Plenty of countries signed without any kind of scientific substantiation. After all, there won’t be any consequences if they are unable to meet their commitments – however, it sounds good that they committed themselves to climate protection.
“I reckon that elsewhere, too, they have started thinking in terms of national scenarios, but I believe we can consider as more a political declaration of intent that steps have to be taken towards a carbon neutral position. The migration that has already been observed is merely the precursor to that which will happen when entire countries are afflicted by desertification. In Syria between 2006 and 2010, 60% of arable land became infertile due to drought, as a consequence of which one and a half million people migrated to already overcrowded cities. This is obviously just adding oil to the fire.

“Unfortunately, there are plenty of other politically unstable regions where a climate change-related catastrophe can trigger other problems.”

We could also have made such a declaration bringing popularity and without any consequences – or perhaps not?
“These governments are not the ones implementing the commitment. The countries who now undertook to be carbon neutral by 2050 are those where, on the basis of European Parliament elections and in their preparatory work, the electorates made it crystal clear that for them, climate change is one of the most important questions. These governments know that their electorates expect them to take action on this issue. Here in Hungary, this was not a significant aspect in the course of elections and the campaign, so it would be tantamount to political suicide to have taken on such a massive undertaking that the electorate not only do not expect but perhaps are even scared of its consequences. The climate summit reflected what voters had asked of their elected politicians at the European Parliamentary election. Nor is it possible to say that there is no consequence from such an undertaking because if we do it, then it will be necessary to slightly adjust short-term energy plans to these new targets. I reckon that we don’t have to deduce far-reaching consequences from the fact that, fearing such radical change, we did not commit ourselves at this time.
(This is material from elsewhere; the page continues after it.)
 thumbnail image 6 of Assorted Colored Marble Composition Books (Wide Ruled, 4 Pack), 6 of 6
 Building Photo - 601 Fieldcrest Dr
“It is also important to recognize that those who are in a position to reach decisions today are, on the whole, older, and they believe that they are wealthy enough to protect themselves from those impacts that will come about within their lifetime.

“However, we are beginning to hear the voices of those young people who reckon that we are burning up their future.

“It is easy to make governments responsible for everything but industrialist decision-makers also have to calculate that sooner or later, the upcoming generation will vote with their wallets.”